*** Begin section ***
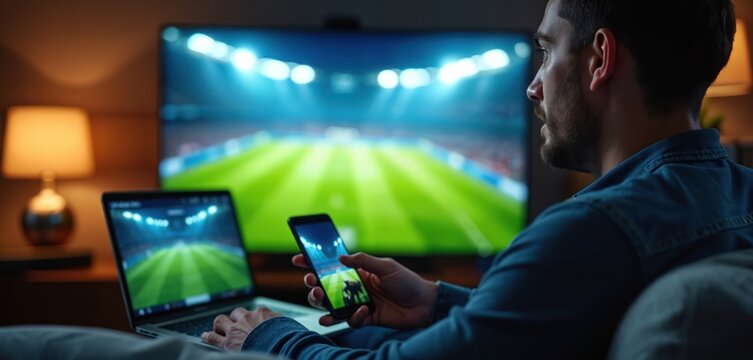 Man watches football game on TV laptop and phone. He is engaged with sports event using multiple devices. Indoors at home enjoying live match streaming on big screen and checking stats.
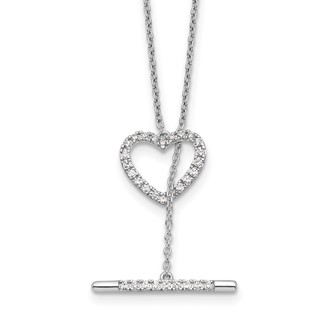 14kw 1/3 carat Lab Grown Diamond VS/SI+ G+ Complete 20 inch Heart Toggle Necklace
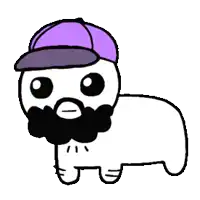 a drawing of a person with a purple hat on
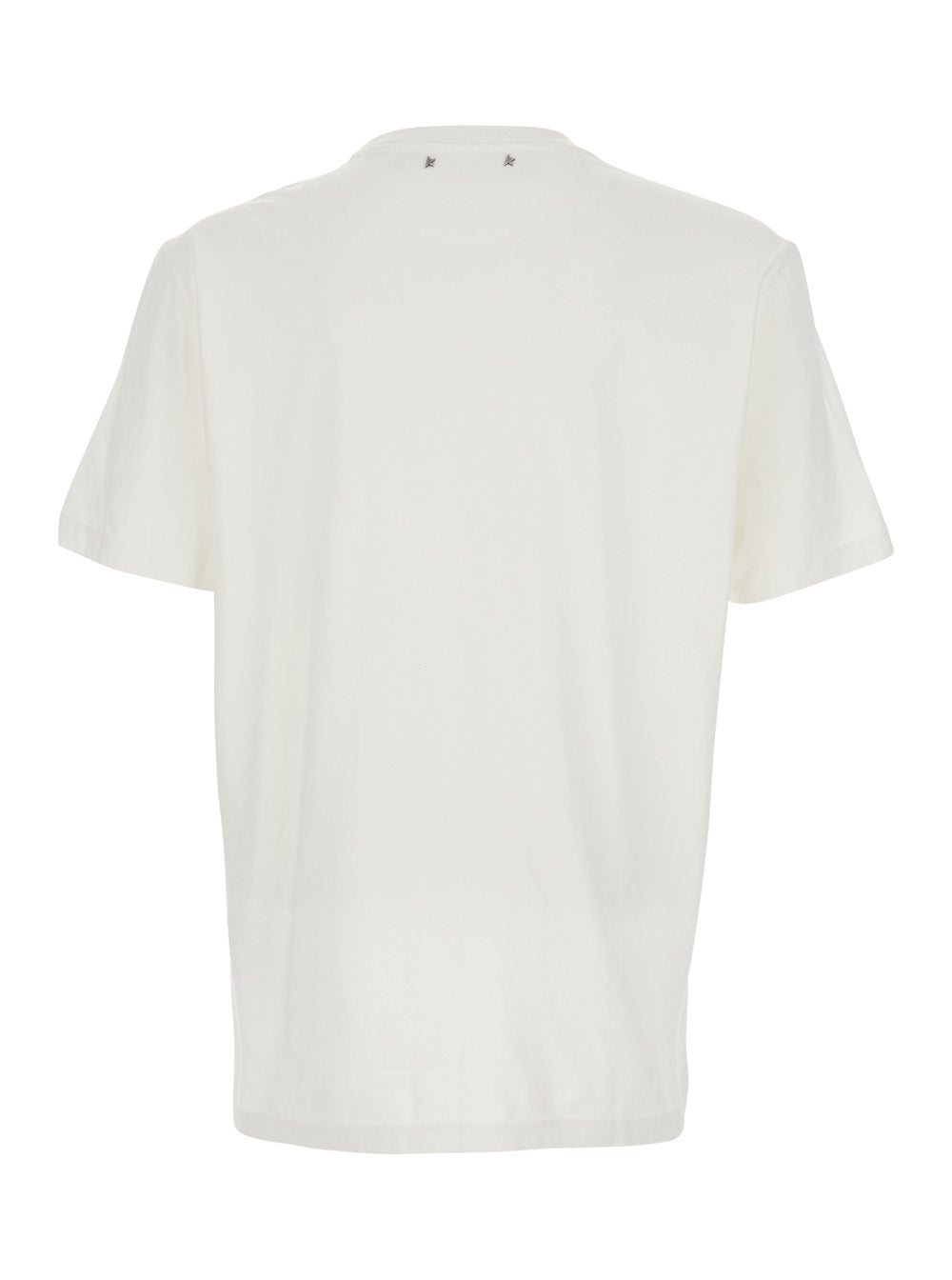 Golden Goose Men White T-Shirt With Logo Lettering In Cotton For Men GOLDEN GOOSE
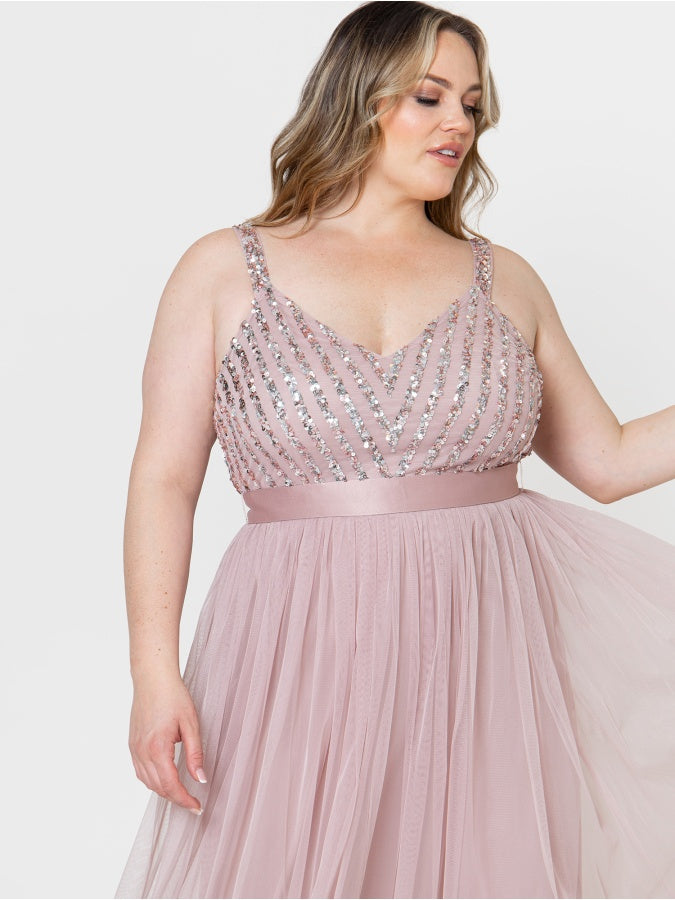 Maya Frosted Pink Sleeveless Stripe Embellished Maxi Dress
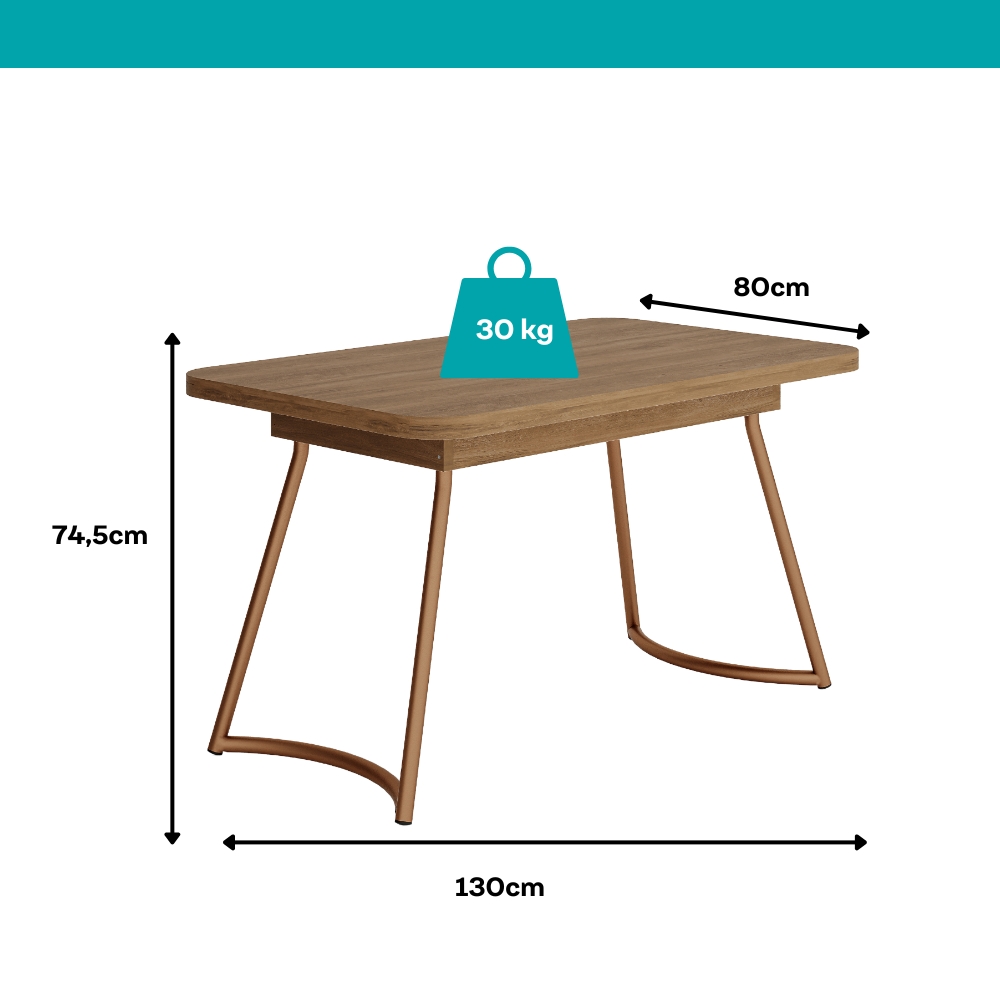 Mesa Toscana 4 lugares Carraro Nogal c/ Rosê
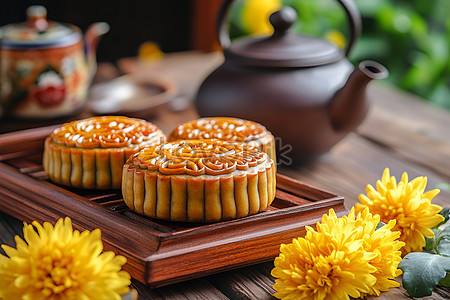 Bánh Trung Thu và ấm trà hoa cúc cận cảnh trên đĩa gỗ, thể hiện nét văn hóa thưởng trà truyền thống trong bối cảnh vườn hoa cúc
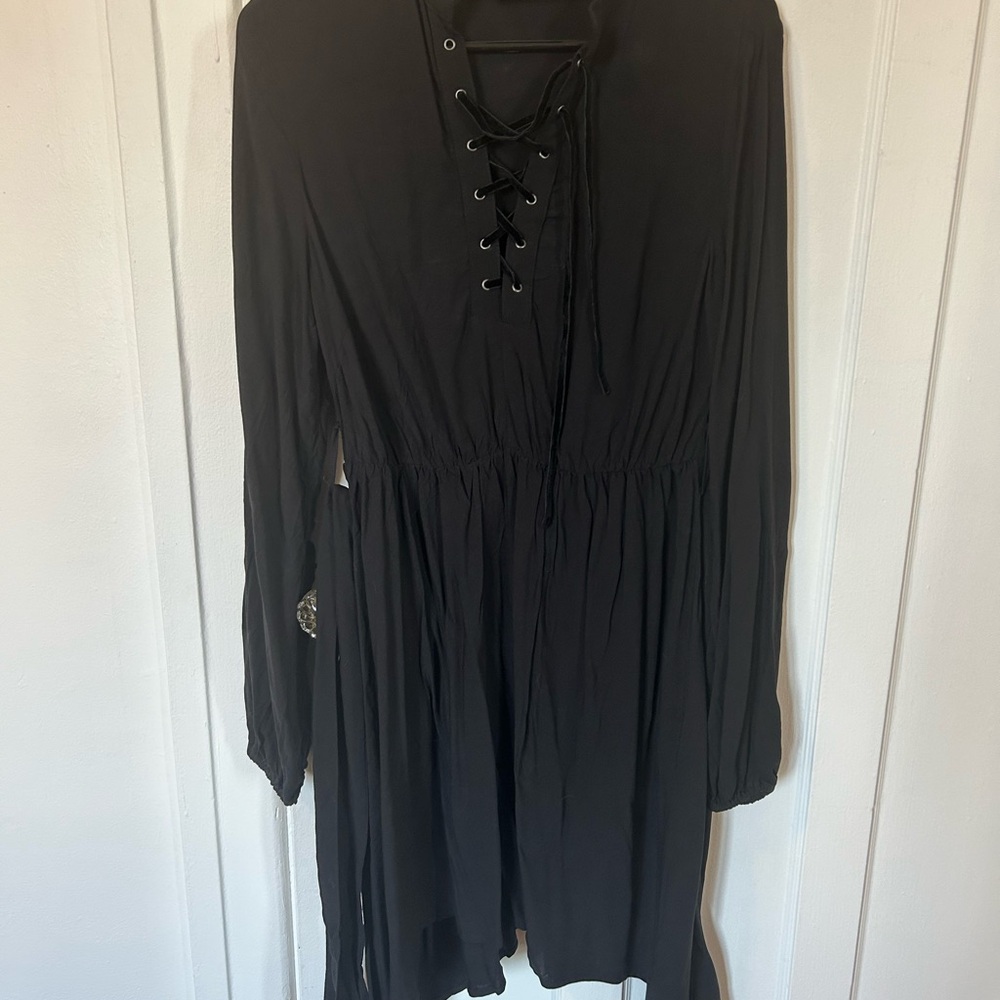 Killstar Black Lace-Up Long Sleeve Dress small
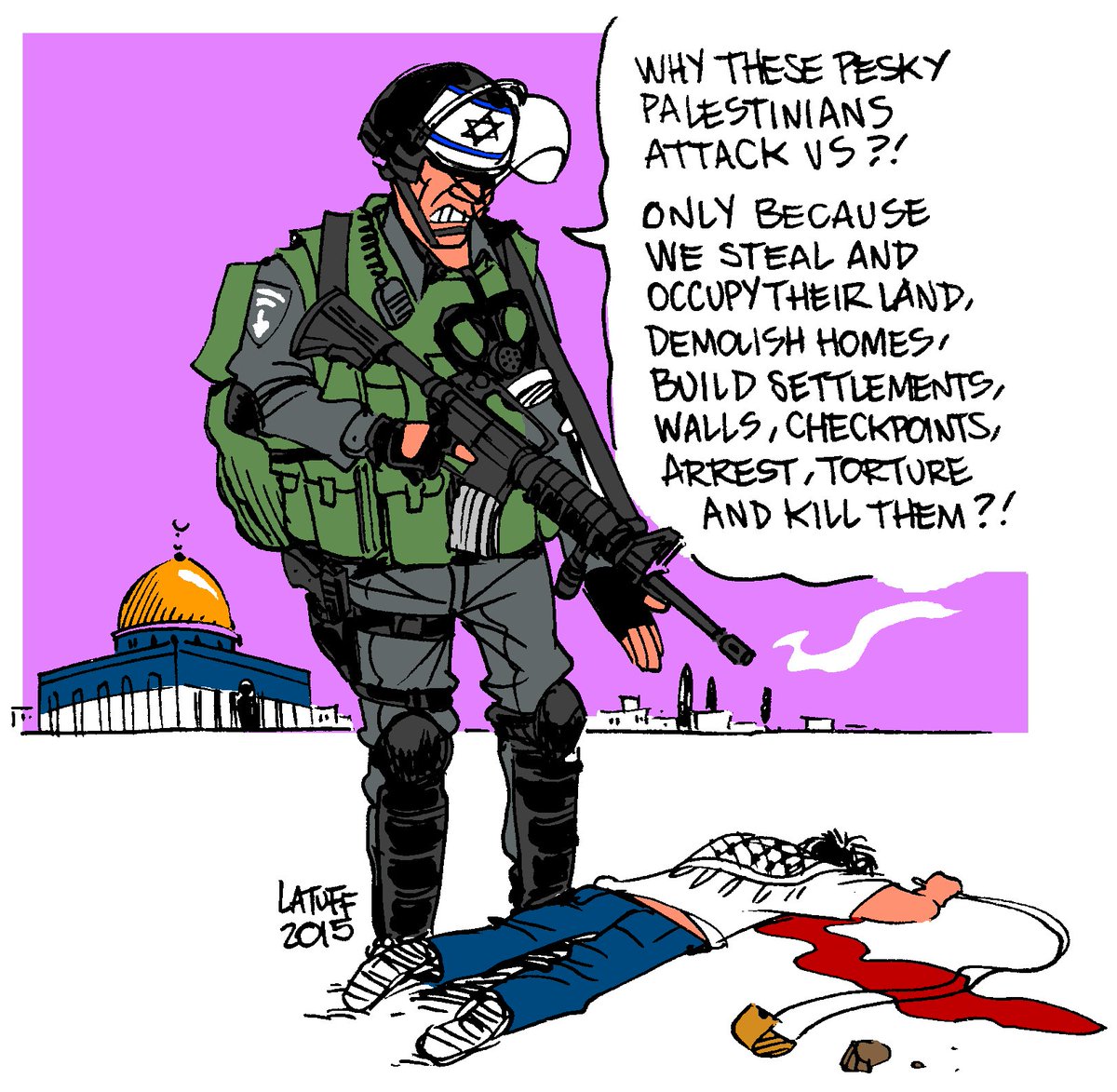 LatuffCartoons's tweet photo. Pro-Israel think tanks try to convince people that Palestinians attack while Israel only defends itself. But what they deliberately omit is the fact that Israel occupies Palestinian land, oppresses, kills Palestinians and when they decide to react, they're accused of terrorism. https://t.co/YoL6yAmofl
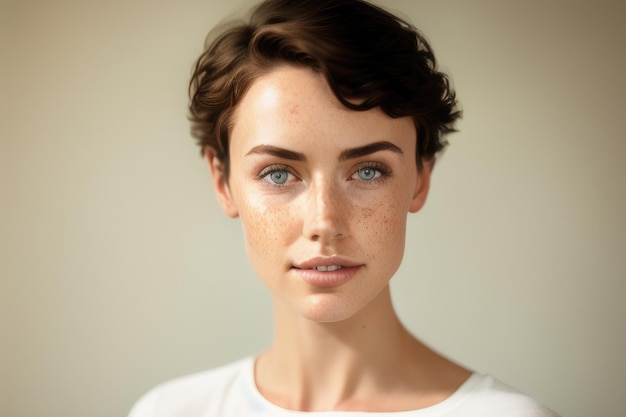 A woman with freckles and freckles is posing for a portrait.
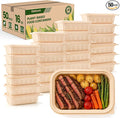 100 Piece (50 Pack) Meal Prep Containers with Lids, 16 oz Cornstarch Small Food Storage Containers Plant-based Lunch Box for Salad, BPA Free Plastic Disposable Take Out Boxes Microwave & Freezer Safe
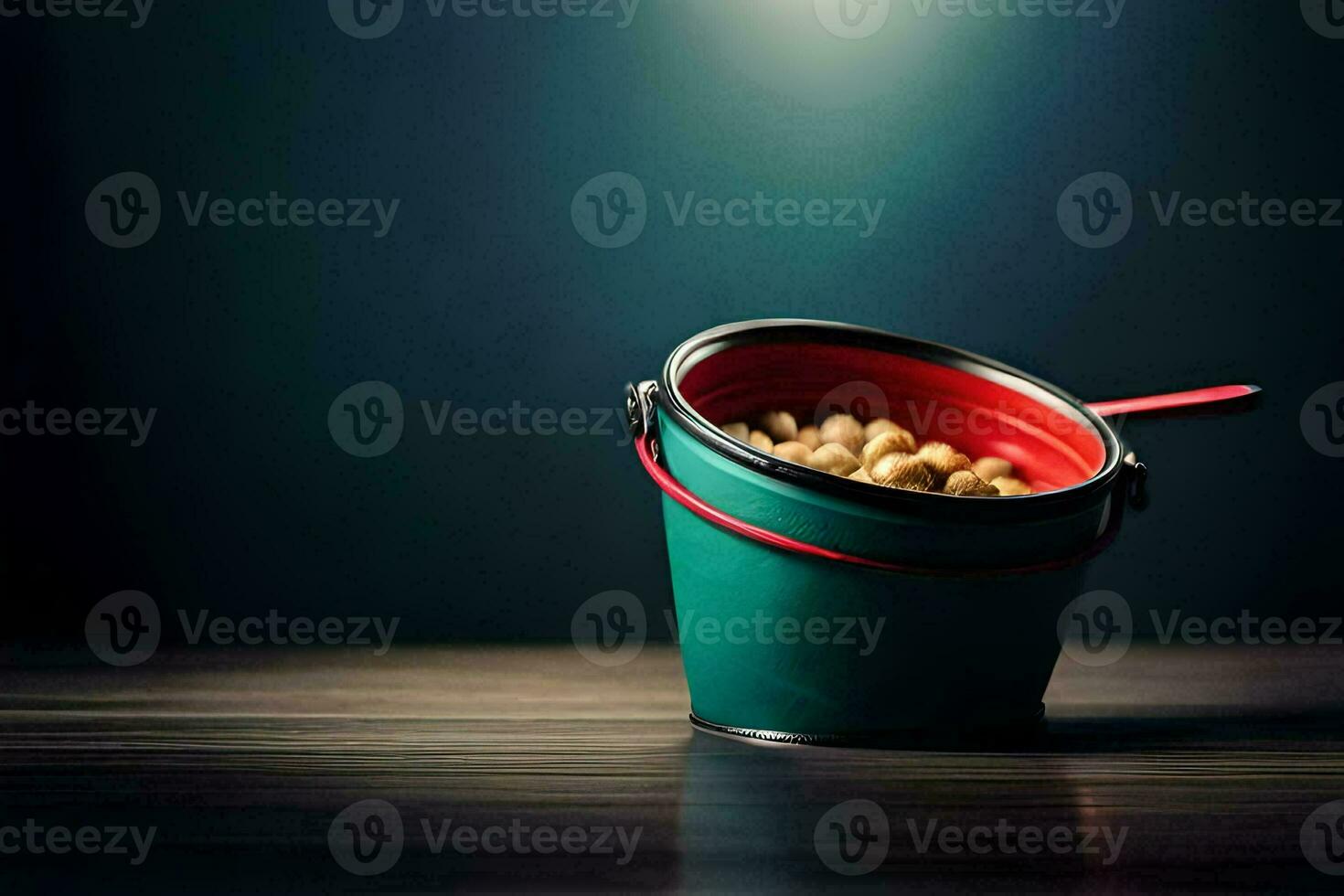 a bucket of cereal on a table. AI-Generated photo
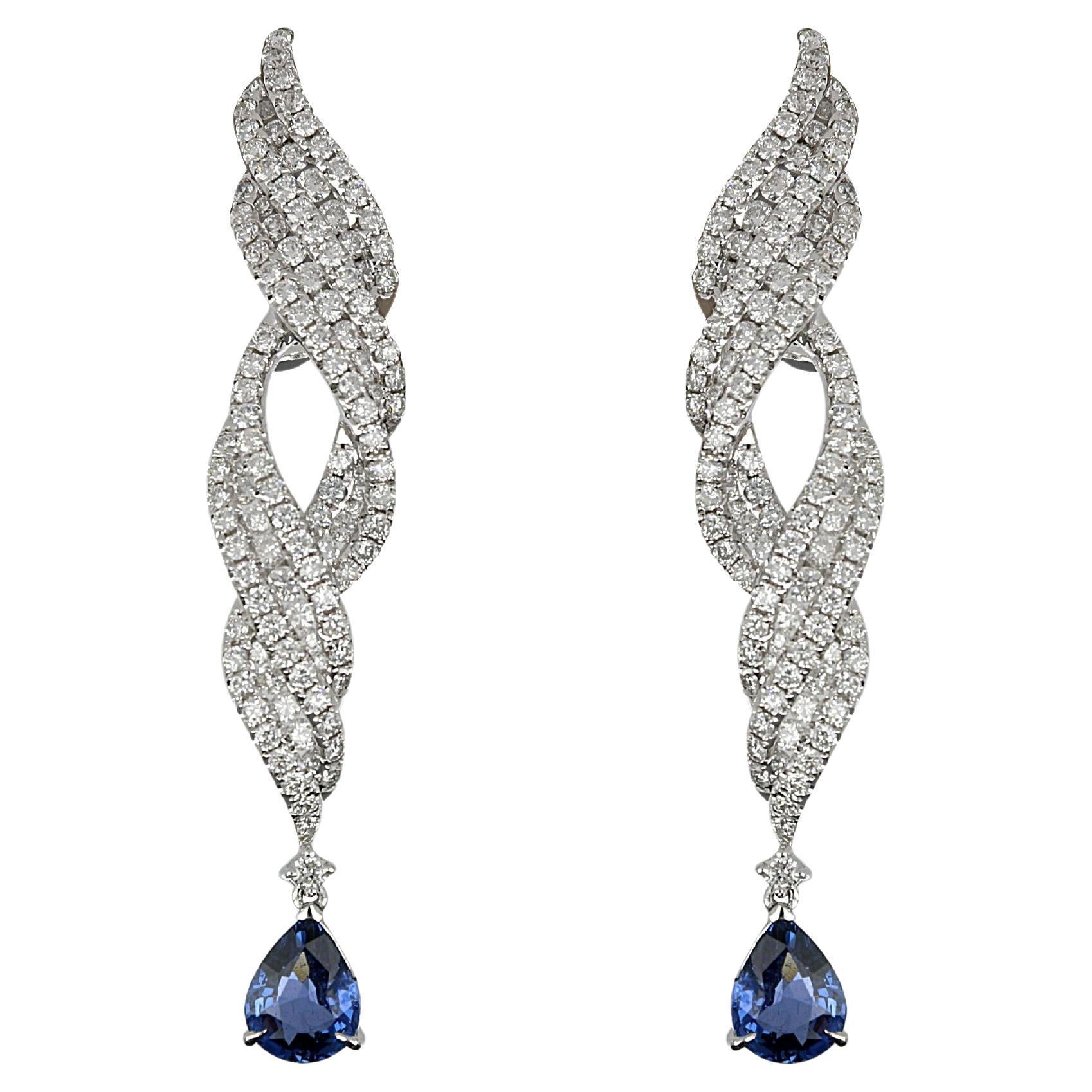 Pendants d'oreilles en or blanc 18 carats avec saphir bleu et diamants taille ronde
*** End section ***
ABOUT THIS TASK: An exact copy is needed of the stretch above that opens with the line containing "Golden Goose Men" and closes with the line containing "Bánh Trung Thu"; the pictures are not part of it.

SOLUTION TO THE EXERCISE:
 Golden Goose Men White T-Shirt With Logo Lettering In Cotton For Men GOLDEN GOOSE
 Maya Frosted Pink Sleeveless Stripe Embellished Maxi Dress
 Mesa Toscana 4 lugares Carraro Nogal c/ Rosê
 Bánh Trung Thu và ấm trà hoa cúc cận cảnh trên đĩa gỗ, thể hiện nét văn hóa thưởng trà truyền thống trong bối cảnh vườn hoa cúc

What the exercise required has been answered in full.